### Exercise
Leaving out every picture, copy the lines of the material below exactly, from the line containing "Pamuklu Slim Fit" through the line containing "Washed Distressed Embroidered".

### Dataset content
------------------------------------------------------------------------

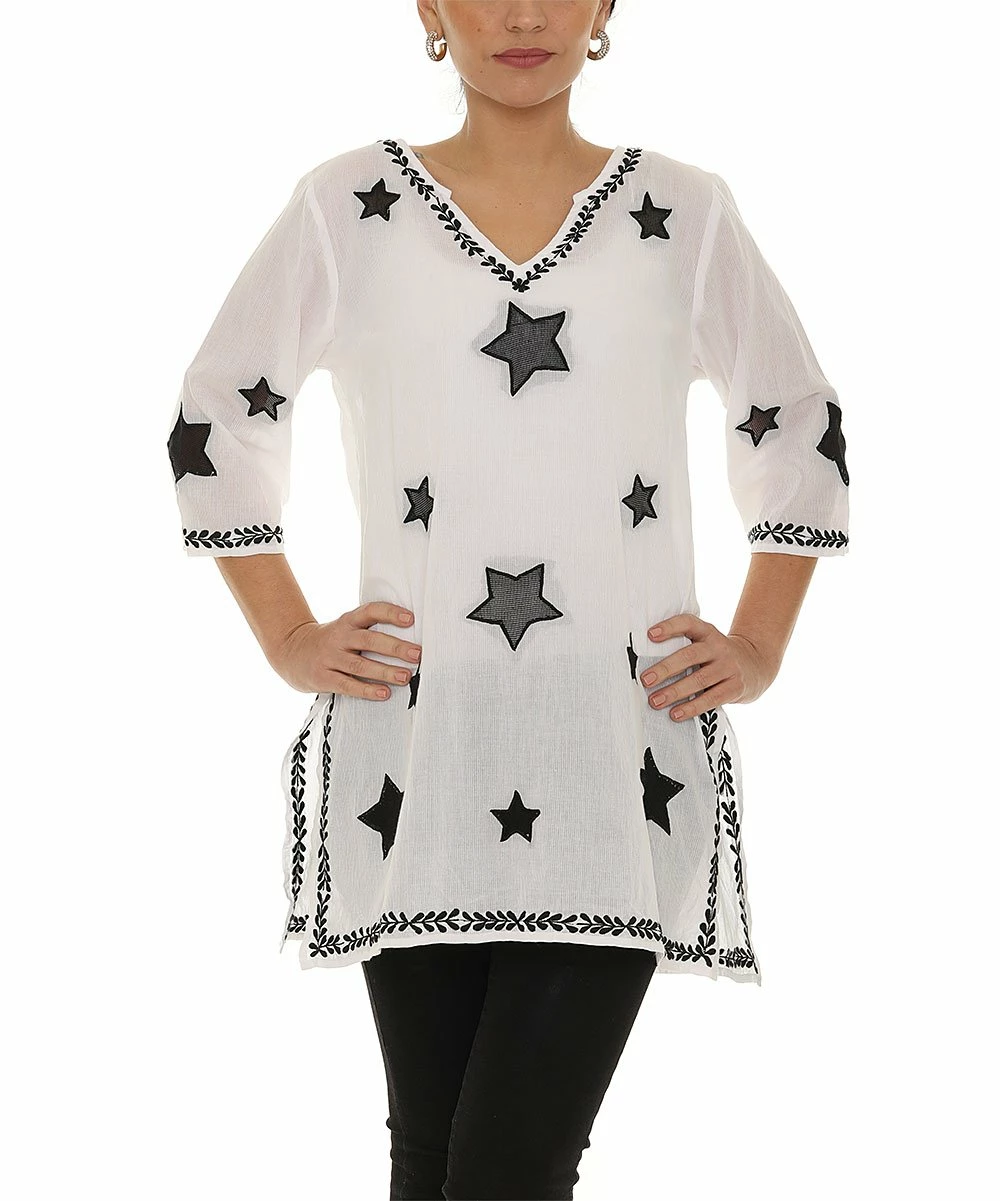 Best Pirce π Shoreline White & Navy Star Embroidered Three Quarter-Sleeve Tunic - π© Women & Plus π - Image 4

------------------------------------------------------------------------

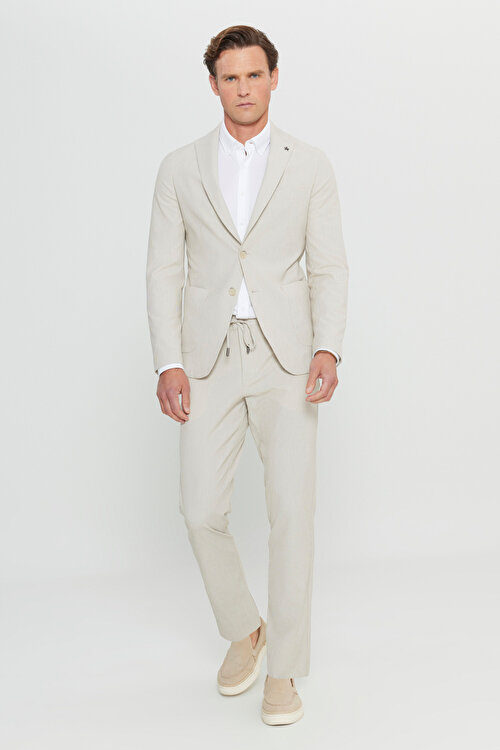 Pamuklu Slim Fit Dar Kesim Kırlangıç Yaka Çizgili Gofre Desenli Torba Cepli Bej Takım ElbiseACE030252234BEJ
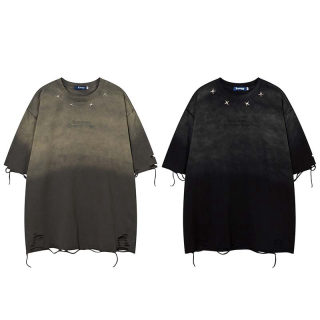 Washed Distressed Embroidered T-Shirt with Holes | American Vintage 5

------------------------------------------------------------------------

### Finished task
 Pamuklu Slim Fit Dar Kesim Kırlangıç Yaka Çizgili Gofre Desenli Torba Cepli Bej Takım ElbiseACE030252234BEJ
 Washed Distressed Embroidered T-Shirt with Holes | American Vintage 5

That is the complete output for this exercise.